Shibutuoge, which is about 20 to 30 minutes past the main pond area, was the furthest I went, and having done a u-turn, I stopped at the location where I shot this next image of Yokote Mountain, again with some nice stormy skies (below). This was again shot with the 11-24mm at 15mm this time, for 1/60 sec at f/14, ISO 100.

Yokoteyama Stormy Skies

Yokoteyama Stormy Skies

At this location I’d actually done a few series of bracket shots, thinking that I might have to do some HDRs because the sky was so bright, and I was still at this point thinking that the 5Ds R probably had slightly less dynamic range compared to my 5D Mark III. As I suspected might be the case though, I got home and found that I simply hated all of the HDR images that I was able to create from my bracketed images. I also found that my usual claim, that I can usually get everything I need from a single frame, even when parts of it seem very dark, continued to be the case with the 5Ds R.

It can be scary when you see the base image in the camera, but I now know that I can trust my instincts again, even with the 5Ds R. Here (below) is the original photo of the previous image, straight out of the camera, so that you can see what I mean.
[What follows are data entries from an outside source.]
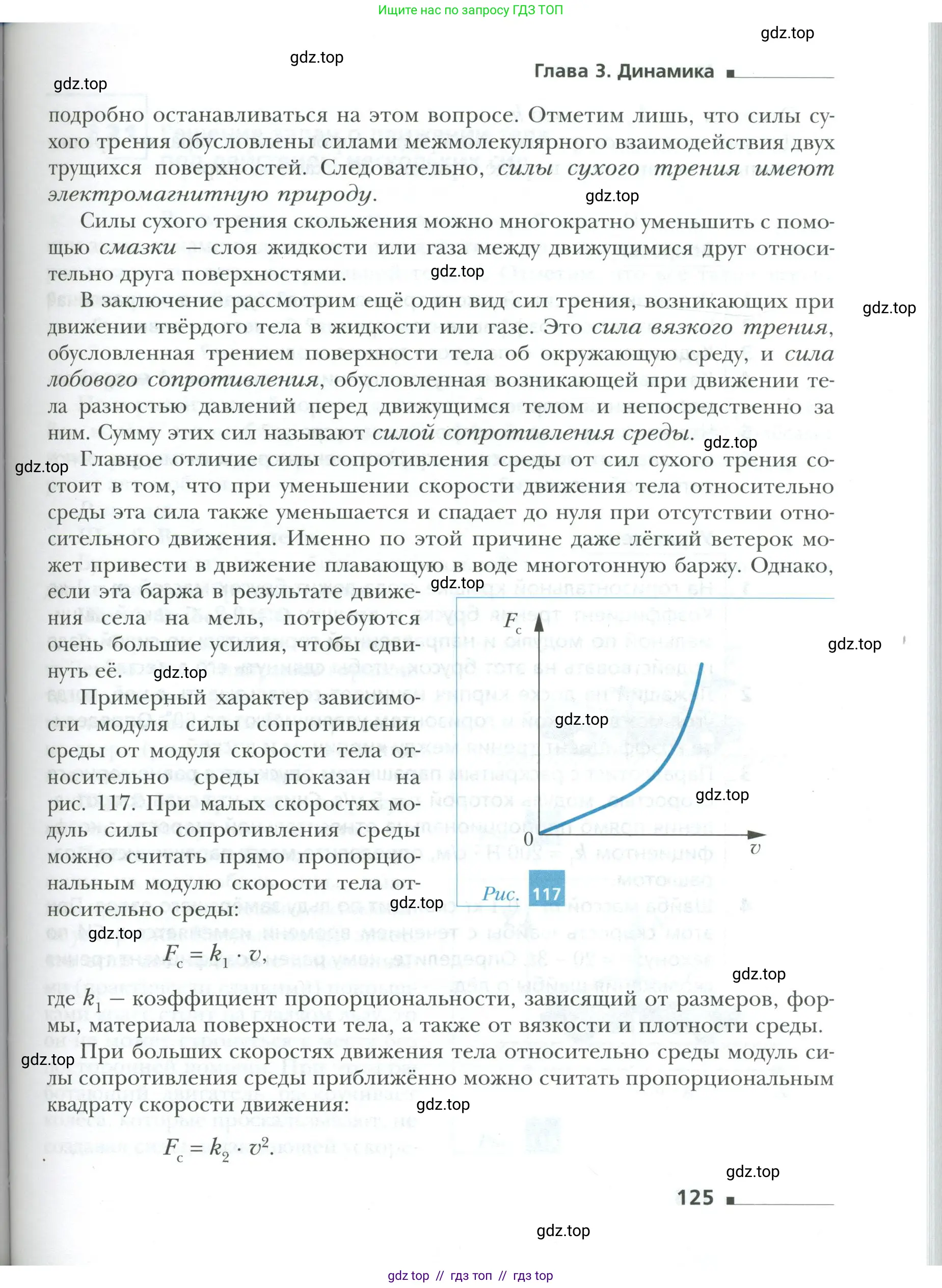 Физика, 10 класс Учебник, авторы: Грачев Александр Васильевич, Погожев Владимир Александрович, Салецкий Александр Михайлович, Боков Павел Юрьевич, издательство Просвещение, Москва, 2011, бирюзового цвета, страница 125
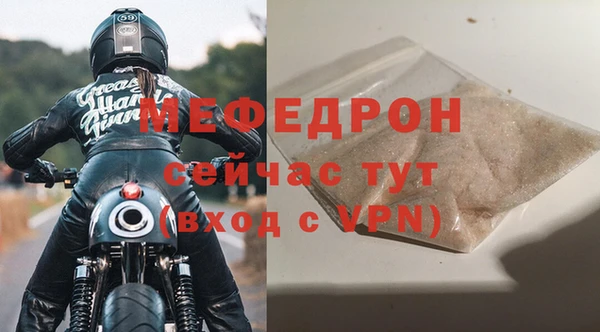 кокаин Каменка
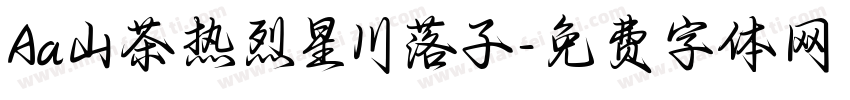 Aa山茶热烈星川落子字体转换
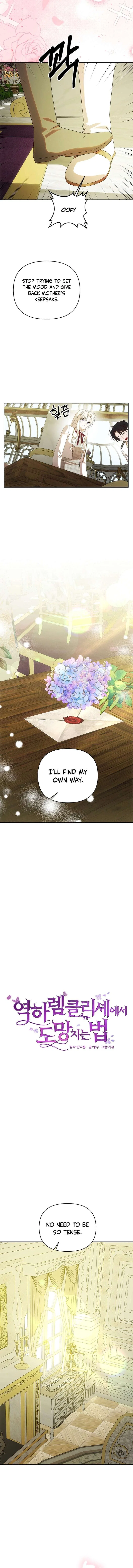 How to Escape an Esper Harem Chapter 46 – Page 9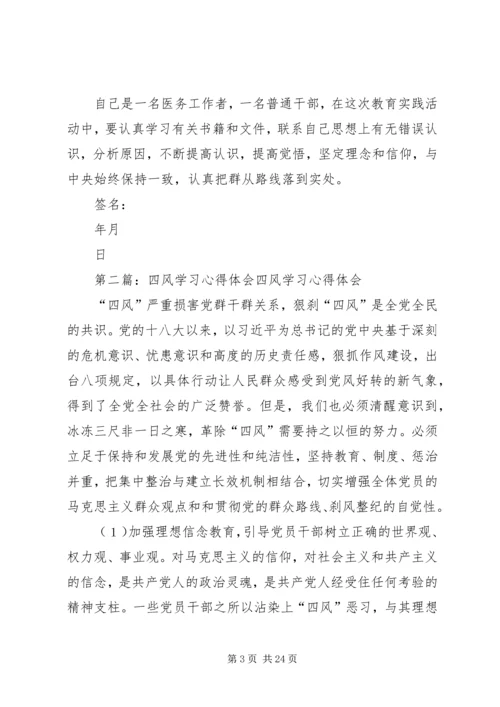 学习四风心得体会.docx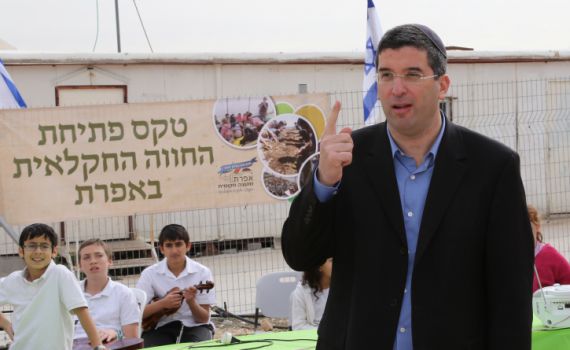 בתמיכת בנט וכחלון: הג'וב החדש של אבי וורצמן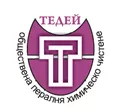 Лого на ТЕДЕЙ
I just expose to the right, so that the brightest part of the scene is on the far right side of the histogram, and there is enough detail in the shadows to bring it all back out with some slider adjustments in Lightroom. You’d think that there was no information in the black foreground here, but as we see from the previous image, that’s not the case.
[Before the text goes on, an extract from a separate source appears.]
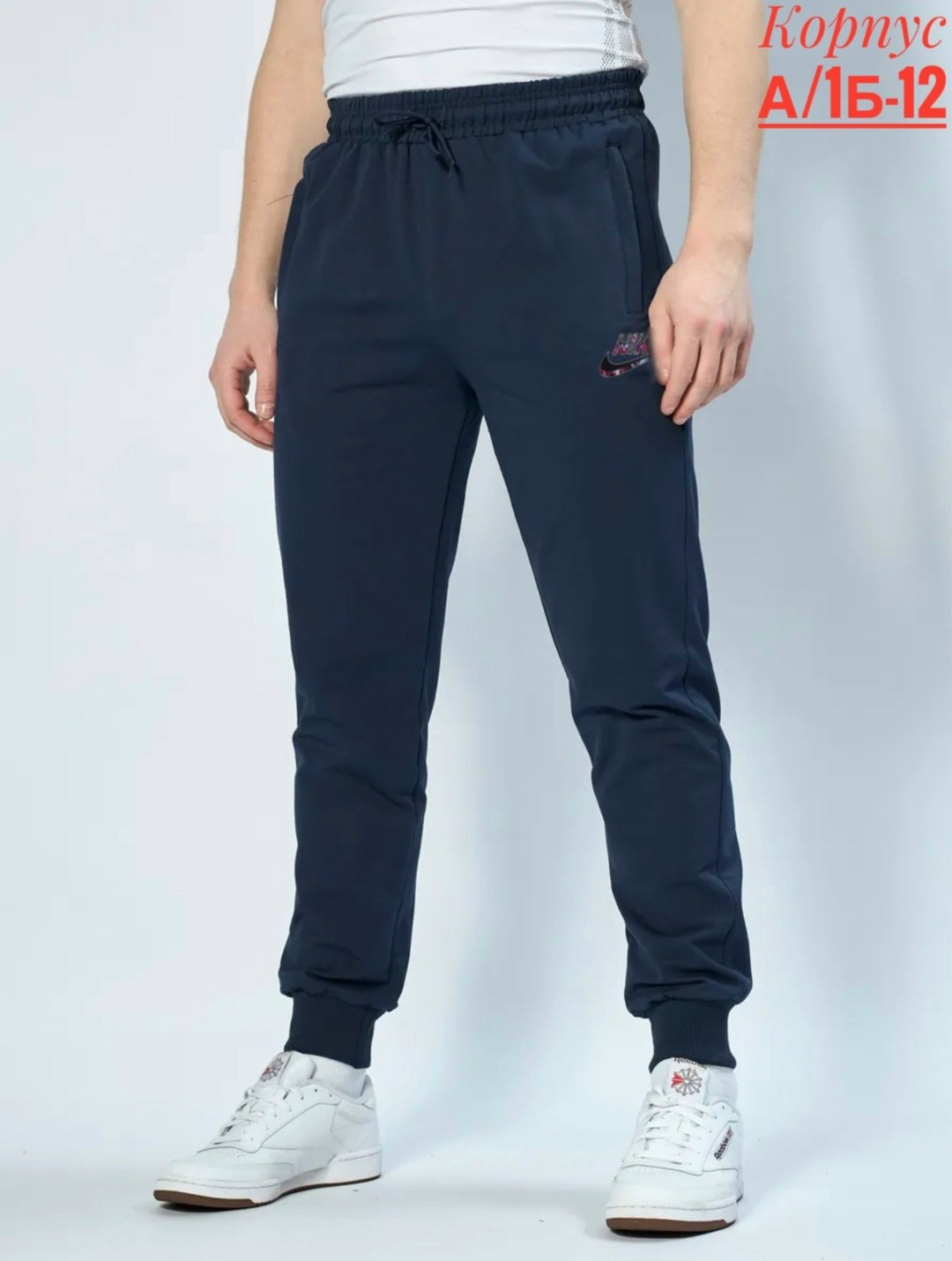 спортивные брюки,брюки спортивные мужские,мужские спортивные штаны nike,серые спортивные штаны мужские найк,спортивные штаны мужские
Yokoteyama Stormy Skies (Original)

Yokoteyama Stormy Skies (Original)

I was also pleasantly surprised to see that the 5Ds R actually has slightly better dynamic range than the 5D Mark III according to DxO Mark’s tests. They have the 5D Mark III at 11.7 EV and the 5Ds R at 12.4 EV dynamic range, which is surprising, but great to hear.

I continued to drive back down the mountains towards Ichinuma and stopped at another pond on the way, called Kidoike. It was raining, so I decided to go with the flow, and include the droplets of rain in the surface of the pond, as you can see if you look closely in this photo (below).

Kidoike Reflection with Rain

Kidoike Reflection with Rain

Again here, I’m watching the edges of the frame, trying to find the best place to cut off the scene, so as not to have dissected tree trunks. I’d have preferred a smooth clear reflection, but I think the soft summer rain adds a different kind of mood to this image, which I don’t dislike too much either. This was a 0.5 sec exposure, at f/14, ISO 100 at 105mm. I headed back to my hotel for the night after this final visit to the Kidoike.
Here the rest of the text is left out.